Embed = partial(EmbedHoloviews,
folder_path=f"files/posts/nlp/{SLUG}")
Plot = namedtuple("Plot", ["width", "height", "fontscale", "tan", "blue", "red"])
PLOT = Plot(
width=900,
height=750,
fontscale=2,
tan="#ddb377",
blue="#4687b7",
red="#ce7b6d",
)
Middle
The Data
This will be an evenly spaced set of points over an interval (see numpy.linspace).
STOP, STEPS = 10, 100
x = numpy.linspace(-STOP, STOP, STEPS)
The Sigmoid
Our activation function will be the sigmoid (wikipedia link) (well, the logistic function).
def sigmoid(x: numpy.ndarray) -> numpy.ndarray:
return 1 / (1 + numpy.exp(-x))
Now we'll calculate the activations for our input data.
activations = sigmoid(x)
The Gradient
Our gradient is the derivative of the sigmoid.
def gradient(x: numpy.ndarray) -> numpy.ndarray:
return (x) * (1 - x)
Now we can get the gradients for our activations.
gradients = gradient(activations)
Plotting the Sigmoid
tangent_x = 0
tangent_y = sigmoid(tangent_x)
span = 2
gradient_tangent = gradient(sigmoid(tangent_x))
tangent_plot_x = numpy.linspace(tangent_x - span, tangent_x + span, STEPS)
tangent_plot_y = tangent_y + gradient_tangent * (tangent_plot_x - tangent_x)
frame = pandas.DataFrame.from_dict(
{"X": x,
"Sigmoid": activations,
"X-Tangent": tangent_plot_x,
"Y-Tangent": tangent_plot_y,
"Gradient": gradients})
plot = (frame.hvplot(x="X", y="Sigmoid").opts(color=PLOT.blue)
* frame.hvplot(x="X", y="Gradient").opts(color=PLOT.red)
* frame.hvplot(x="X-Tangent",
y="Y-Tangent").opts(color=PLOT.tan)).opts(
title="Sigmoid and Tangent",
width=PLOT.width,
height=PLOT.height,
fontscale=PLOT.fontscale)
output = Embed(plot=plot, file_name="sigmoid_tangent")()
print(output)
The thing to notice is that as the input data moves away from the center (at 0) the gradients get smaller in either direction, rapidly approaching zero.
The Numerical Impact
Multiplication & Decay
Multiplying numbers smaller than 1 results in smaller and smaller numbers.
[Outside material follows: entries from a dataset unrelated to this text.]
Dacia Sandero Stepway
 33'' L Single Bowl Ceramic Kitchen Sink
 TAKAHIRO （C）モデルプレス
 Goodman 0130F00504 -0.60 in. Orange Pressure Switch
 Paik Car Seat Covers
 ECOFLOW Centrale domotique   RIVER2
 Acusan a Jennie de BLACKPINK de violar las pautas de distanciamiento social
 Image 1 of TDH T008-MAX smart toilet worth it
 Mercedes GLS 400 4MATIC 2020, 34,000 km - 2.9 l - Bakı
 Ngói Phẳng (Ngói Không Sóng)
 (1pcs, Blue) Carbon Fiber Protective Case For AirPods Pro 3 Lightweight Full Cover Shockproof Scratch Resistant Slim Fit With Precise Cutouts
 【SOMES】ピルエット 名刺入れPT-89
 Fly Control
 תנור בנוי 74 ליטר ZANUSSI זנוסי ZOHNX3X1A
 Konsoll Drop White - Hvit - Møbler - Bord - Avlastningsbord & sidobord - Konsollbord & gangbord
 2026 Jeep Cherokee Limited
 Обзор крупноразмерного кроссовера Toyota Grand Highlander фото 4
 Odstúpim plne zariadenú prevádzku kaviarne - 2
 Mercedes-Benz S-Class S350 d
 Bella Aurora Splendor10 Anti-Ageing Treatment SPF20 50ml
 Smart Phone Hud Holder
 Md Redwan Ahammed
Below is an example that finds the gradient for an input x = 0 and multiplies it over n steps. Look how quickly it 'Vanishes' to almost zero. Yet \(\sigma(x=0) \implies 0.5\) which has a sigmoid gradient of 0.25 and that happens to be the largest sigmoid gradient possible.
A Decay Simulation
Input data
n = 6
x = 0
gradients = gradient(sigmoid(x))
steps = numpy.arange(1, n + 1)
print("-- Inputs --")
print("steps :", n)
print("x value :", x)
print("sigmoid :", "{:.5f}".format(sigmoid(x)))
print("gradient :", "{:.5f}".format(gradients), "\n")
-- Inputs -- steps : 6 x value : 0 sigmoid : 0.50000 gradient : 0.25000
Plot The Decay
decaying_values = (numpy.ones(len(steps)) * gradients).cumprod()
data = pandas.DataFrame.from_dict(dict(Step=steps, Gradient=decaying_values))
plot = data.hvplot(x="Step", y="Gradient").opts(
title="Cumulative Gradient",
width=PLOT.width,
height=PLOT.height,
fontscale=PLOT.fontscale
)
output = Embed(plot=plot, file_name="cumulative_gradient")()
print(output)
The point being that the gradients very quickly approach zero.
So, How Do You Fix This?
One solution is to use activation functions that don't have tiny gradients. Other solutions involve more sophisticated model design. But they're both discussions for another time.